Het geluid voortgebracht door de draadloze luidspreker (niet bijgeleverd) is instabiel.

  • Plaats geen metalen voorwerpen, afgezien van een televisie, in de buurt van het apparaat. Dit stoort de draadloze werking van de draadloze luidspreker (niet bijgeleverd) en het geluid wordt instabiel.
  • Plaats het apparaat niet in een metalen rek. Dit stoort de draadloze werking van de draadloze luidspreker (niet bijgeleverd) en het geluid wordt instabiel.
  • Als er een apparaat in de buurt staat dat elektromagnetische golven genereert, zoals een draadloos LAN of een magnetron die in gebruik is, plaatst u de draadloze luidspreker en het apparaat uit de buurt daarvan.

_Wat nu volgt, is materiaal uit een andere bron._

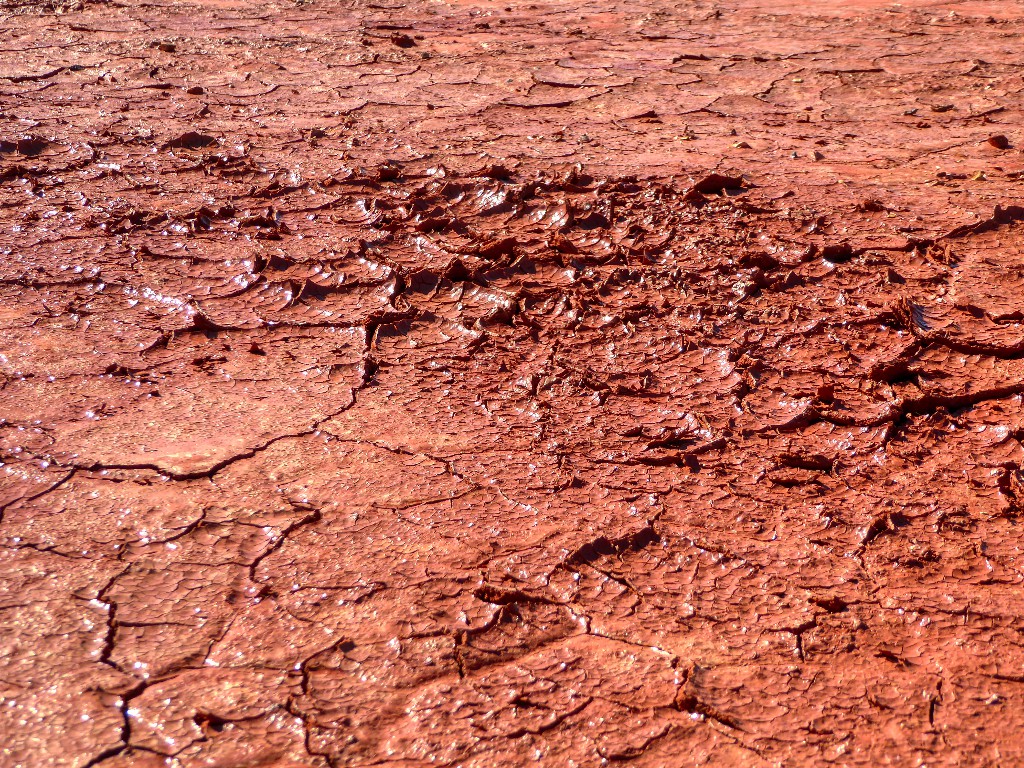 Lake Caroline - mud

  • Als zich een obstakel tussen de draadloze luidspreker en het apparaat bevindt, verplaatst of verwijdert u dit.
  • Plaats de draadloze luidspreker en het apparaat zo dicht mogelijk bij elkaar.
  • Selecteer [Setup] - [Speaker Settings] - [Wireless Speaker Settings] in het startmenu en stel [RF Channel] in op [Off] en daarna weer op [On].

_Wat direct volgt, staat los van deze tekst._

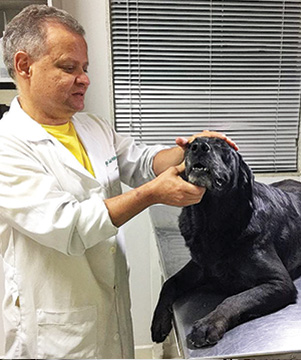 veterinário com um cachorro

  • Schakel de netwerkverbinding van de televisie of de Blu-ray Disc-speler om van draadloos naar bekabeld.
  • Selecteer [Setup] - [Speaker Settings] - [Wireless Speaker Settings] in het startmenu en stel [Wireless Playback Quality] in op [Connection].
  • Plaats het luidsprekersysteem en de draadloze luidspreker op een afstand van minimaal 1,5 m van een draadloos-LAN-router enz.

    Dit kan worden verbeterd door de richting of de antennehoek van de draadloos-LAN-router te wijzigen.